Por: Alberto Barrera Tyska
Uno ve a la fiscal general de la república ufanándose porque –en lo que va de año– su despacho ha detenido a 52 funcionarios sospechosos de vulnerar los derechos humanos; uno la ve, digo, tan oronda, tan satisfecha, y uno no entiende, uno se pregunta: ¿De qué diablos se enorgullece? ¿Por qué celebra esa atrocidad?
Resulta que Luisa Ortega Díaz se presentó esta semana en la Asamblea Nacional y, por primera vez desde 2009, ofreció cifras e información clara sobre el proceso a oficiales investigados y detenidos por violaciones de las garantías constitucionales. Durante todos estos años, incluido el conflictivo 2014, con la controvertida y cuestionada actuación de los cuerpos de seguridad, a Ortega Díaz no se le había ocurrido ser medianamente transparente y mostrar datos detallados sobre estos casos a toda la ciudadanía. Tal vez no le pareció necesario. O pertinente. Claro que ahora todo es distinto. Ahora sí hay que rendir cuentas porque estamos enfrentados aguerridamente al imperio.
Por supuesto que la fiscal general de la república se explayó diciendo que Estados Unidos no tenía ningún derecho de decretar nada. Y además señaló que solo estaban buscando nuestro petróleo. Y también dijo que los gringos no tienen ninguna moral para venir a hablarnos de derechos humanos. Y se puso en modo retroactivo y habló de El Amparo, de Yumare, de Cantaura… Como si, en el país, la historia de la represión hubiera terminado de forma instantánea en 1999.
En ese mismo acto, sin embargo, reconoció que, en estos 3 meses, han sido imputados 120 agente policiales y efectivos militares por violación de los derechos humanos. Aunque no abundó con más informaciones, la estadística ya de por sí es aterradora. Contrariamente a lo que tal vez pretende, más que destacar el trabajo de la Fiscalía, delata el espanto de las fuerzas de seguridad del Estado. Luis Carlos Díaz, en un acertado tuit, se preguntaba si la cifra podía referirse como “casos aislados” o más bien como una “cultura del trabajo”. El reporte que presentó la fiscal fue también un informe corporativo, una muestra de cuál es la concepción que guía el ejercicio represivo del gobierno.

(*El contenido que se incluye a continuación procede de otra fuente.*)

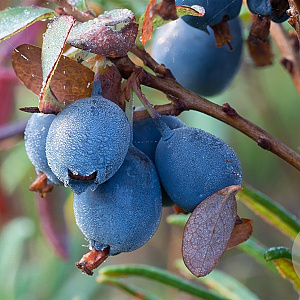 Vaccinium uliginosum GM P9.5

También esta semana, según una nota aparecida en el periódico El Universal, el Centro de Derechos Humanos de la UCAB presentó los resultados de un estudio que resulta muy revelador. Según la investigación, basada en los expedientes de los tribunales, “el Ministerio Público no fue capaz de presentar elementos de convicción para acusar y pasar a juicio a 80% de los detenidos durante las protestas antigubernamentales de 2014”. Con este porcentaje, debería enjuiciarse toda la retórica oficialista, la millonaria y feroz estrategia mediática, dedicada a satanizar las protestas del año pasado.

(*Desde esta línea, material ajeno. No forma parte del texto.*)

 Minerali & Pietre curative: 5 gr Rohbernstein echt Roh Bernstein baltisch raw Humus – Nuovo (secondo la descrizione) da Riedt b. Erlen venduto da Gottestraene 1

Parte de esa campaña, implementada y desarrollada desde los medios públicos, se ha dedicado a descalificar a varias organizaciones no gubernamentales dedicadas a la defensa de los derechos humanos. Tanto en el canal 8 como en el Correo del Orinoco se ha acusado a estos grupos de ser instrumentos de la derecha conspiradora, financiados por la CIA. No muestran una sola evidencia fáctica. Una prueba. Para condenar al otro, solo es necesaria la opinión del poder.
En septiembre del año pasado, Ortega Díaz aseguró que en Venezuela no había detenidos por causas políticas. Dijo que quienes se encontraban tras las rejas habían cometido crímenes “cuyas características son eminentemente de delitos comunes”. Esa versión de la realidad ya es insostenible. Cada día será más difícil tapar el descontento, la rabia, la desazón.
La Cumbre de Panamá es como una Disneylandia para la revolución. Se pusieron todos sus orejitas antimperialistas, gozaron un puyero en la noria de las firmas. Se tomaron fotos con el puño alzado. El Pato Donald visita Sierra Maestra. Pero todo termina, no hay remedio. Y deben regresar a la realidad. A las estadísticas. A un país donde cada vez más se violan los derechos humanos, donde protestar puede ser es un delito común.